Climate change Sunday 5.9.21 Isaiah 35.4-7a

‘What’s God going to do about climate change?’ 

You and I? Well, if you’re going to buy a car within the next 10 years it’ll probably be a hybrid or fully electric vehicle. If you’re going to buy a house it may well have a hydrogen boiler. The messaging is becoming stronger by the day even if the international politics involved is mindbogglingly complicated: low carbon, no carbon (good), eat less red meat, walk or cycle more, upcycle and recycle, reject plastics, let go of habits of buying and throwing away…we are asked to do our bit but what is God doing? What is He up to as the floods pour into the cellars of New York City… the fires burn across Canada and Australia, and the waters rise over the Pacific Islands. Isn’t it time for Him to wake up and act?

I went to my prayer books to see what we might expect or ask Him to do. I took the old Book of Common Prayer off the shelf and carefully parted its thin, thin pages to see whether there were any prayers from our tradition that might give me a clue as to ow to pray about Climate change. There are, but you won’t find them in the regular order for Morning or Evening prayer. You won’t uncover them deep within the Communion service. They are tucked away amongst a collection of general prayers and thanksgiving – and for all that the Church of England proudly thinks that what we believe is expressed in how we pray they make hard reading.

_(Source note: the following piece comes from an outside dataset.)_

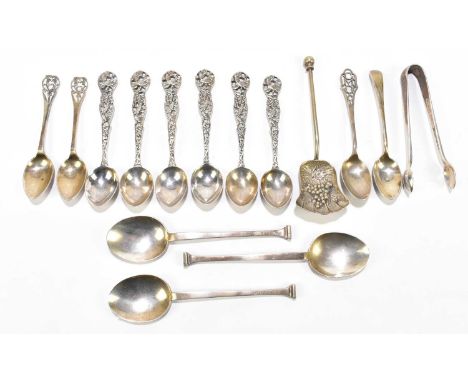 Five assorted hallmarked silver teaspoons of various styles, dates and makers, with a pair of sugar tongs, combined weight 4.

There’s a rather sweet prayer for rain ‘Send us, we beseech thee, in this our necessity, such moderate rain and showers, that we may receive the fruits of the earth to our comfort and to thy honour…’ But this prayer is followed by three others: for fair weather, and two for use in time of dearth and famine.  These are somewhat disturbing, because they draw a direct 16th century line between our sin and wickedness and the drought, flood or famine being experienced: this quote will do:- ‘…grant that the scarcity and dearth, which we do now most justly suffer for our iniquity, may through thy goodness be mercifully turned to cheapness and plenty.’ Which translated seems to read: we have done wrong, you are punishing us, please stop because we’re sorry. The writer of these prayers was a person of faith: he (because it was almost undoubtedly a ‘he) believed that prayer would work. How do we know: because two pages later there are prayers of thanksgiving that mirror the prayers of intercession: he gives us the words to say thankyou to God for when the prayer is answered. But that theology of sin and punishment expressed through the weather? I can’t go along with it, can you? …and it is certainly of no use whatsoever to those whose carbon footprint is a fraction of ours but who feel the effects of the global rise in temperature most acutely.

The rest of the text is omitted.